I tweeted out to Burkins & Yaris to let them know I was trying it and they asked me to report my observations.
This is what I have noticed after one week:
  • it was important to keep the nonfiction books leveled due to text complexity
  • the children saw books they didn't even know about before
  • the majority of our chapter books are blue
  • students choose books with red or black covers most often
  • we had to problem solve to decide if we should count a book as colored if it had a white cover but colored writing (yes, we used the title color to shelve it)
  • students enjoy choosing books that are not on their level
  • we did do a quick reminder of choosing just right books
  • the library stayed neater than usual

Making Good Choices

During the month of January, I needed to do middle-of-year running records on my 60 students. Yes, this is time-consuming. I needed a way for students to be able to work independently so I could get my assessments completed.
I designed a choice chart as a culminating activity for our nonfiction unit.

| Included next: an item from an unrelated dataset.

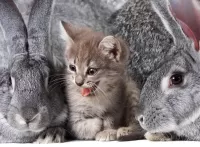 Jigsaw Puzzle Kitten and rabbits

All students must complete the activity in the middle and then choose 2 other ones.  The activity in the middle uses leveled Social Studies readers, so that activity matches each student's reading level.  The other activities are based on multiple learning styles. I included activities with drawing, singing, writing, reading, poetry, vocabulary, text structure, main idea, and technology. There is a little something for everyone!
Students could work with small groups, partners, or independently.

As students completed their activities they posted the name of the activity on the Parking Lot.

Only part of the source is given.